Второй рассказ  «Альбом»  был напечатан в первом номере газеты в 1953 года.  Сюжет взят из повседневной жизни районного руководителя. Секретарю райкома Хакимову  в канун Нового года  случайно  два художника показывают альбом с рисунками, которые они набросали во время посещения сельских тружеников во время уборки хлопка. «Мы искали только положительные сюжеты», - пояснил художник.  Рисунки эскизные, но разнообразные. Зоркий взгляд художника останавливался на самых  обыденных приметах  жизни сельчан.  Некоторые рисунки  радовали глаз Хакимова, но попадались и такие, которые  заставили его досадливо поморщиться. Вот, например, очередь у заготпункта.  Конечно, можно говорить о богатом урожае, о чем свидетельствовала колонна машин, но напрашивался вывод и о плохой организационной работе  коллектива заготпункта, не сумевшего наладить ритмический прием поступавшего с полей хлопка-сырца. А вот нарисована женщина, которая пытается сбросить  с себя паранджу.  Секретарь райкома не  был уверен, что снять паранджу ей  разрешат, еще сильны старые шариатские традиции,  и в кишлаках некоторые женщины ходили  в парандже. С этим  еще придется повозиться при проведении воспитательных мероприятий. На такие же или сходные размышления подтолкнули секретаря райкома и другие рисунки в альбоме. Рассказ заканчивался  на оптимистической нотке: в новом году предстоит  интересная работа по выполнению намеченных  планов и устранению  недостатков в работе.
Татьяна   Сергеевна продолжала  беспокоиться о судьбе В.Э.Мейерхольда. Она не знала, что родственники  в Москве уже получили уведомление  о смерти режиссера.   В 1950 г.   написала письмо И.В.Сталину, в котором сообщала, что десять лет тюремного заключения Мейерхольда истекли, но о нем нет никаких сведений.  Ответ пришлось ждать долго. Однажды ее вызвали в ташкентское  отделение  госбезопасности. .  «Шла туда, пытаясь угадать  -  чего им надо, - рассказывала  Т.С.Есенина. – Меня встретила зловещего вида женщина.  Она достала какой-то документ, налила стакан воды из графина.  Велела прочесть, расписаться и тут же протянула стакан  -  выпейте воды.  В документе был ответ на мой вопрос Сталину  - Всеволод  Эммануилович  умер в марте (кажется,  14)  1942 года в исправительно-трудовых лагерях.  Я расписалась, на руки мне ничего не дали».     

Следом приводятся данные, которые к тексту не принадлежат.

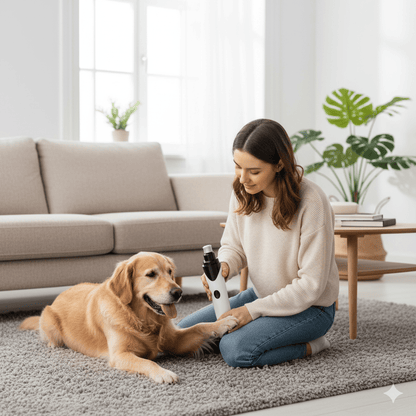 Skanto | LUCKYNAIL – Quiet Electric Pet Nail Grinder with USB Rechargeable Battery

  В  «Правде Востока» Татьяна Сергеевна  исполняла обязанности    литературного консультанта.  Работала  с внештатными корреспондентами, читала   присылаемые   в редакцию письма, любительские  стихи,  прозаические  опусы,  отбирая  из них лучшие для публикации.  Журналистика и редакторство стали для неё основной  профессией  на долгие годы. Пришлось  для повышения профессиональной квалификации   поступить на  редакторское отделение заочного факультета   Московского полиграфического  института.
   В 1958 г.  опубликовала очерк «Сельские комсомольцы»  об участии молодежи в освоении целинных земель. Писать о  простых тружениках  ей было интересно. Старалась  избегать  громких фраз о патриотизме, не  ссылалась  на решения партии, чем грешили в то время   многие корреспонденты. Ее интересовала жизнь  простого  человека.  20 февраля 1959 г. в    очерке  «Валентин Тюпко»   живо, неформально охарактеризовала     мастера-испытателя  новых сельхозмашин, которого  рабочие   выдвинули  кандидатом в депутаты Верховного Совета республики.

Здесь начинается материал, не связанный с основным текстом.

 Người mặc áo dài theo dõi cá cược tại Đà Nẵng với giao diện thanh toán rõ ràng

    В  очерке «На рабочей окраине»    остановилась  на    социальных   изменениях  в жизни рабочих, которым  стали выделять  новые квартиры на   жилом  ташкентском  массиве Чиланзар.  В статье   «Колхозницы»   героинями стали  женщины   сельских кишлаков, в жизни  и трудовой деятельности   которых  наметилось заметные улучшения в  оживлении  их общественной активности, в стремлении отказаться  жить по принципу «моя хата с краю». В статью «Воспитатели»    ( 9 августа 1959 г.) включала    зарисовки  своих  наблюдений за повседневной жизнью горожан.  Она избегала призывов   о необходимости соблюдения  основных  принципов провозглашенного партией  морального кодекса.   Обобщая обыденные    факты,   раскрывала    новые социальные   ростки   в жизни ташкентцев.  Вот как   она писала   о народных воспитателях:
       «Утром он  едет в трамвае и не смотрит в окно. Он следит за тем, что происходит внутри.
     -Молодой человек, уступите место женщине с ребенком. Не стыдно вам?  А вы, будьте добры, зайдите с задней площадки, ведь не инвалид. А вы, гражданин, спрашиваете, кто выходит, а сами билет еще не взяли.
        Но он не контролер.
        Вечером, идя по улице, он отправит домой спать тихого пьяного, возьмет за шиворот буйного, заткнет глотку разбушевавшемуся хулигану.  Но он не милиционер.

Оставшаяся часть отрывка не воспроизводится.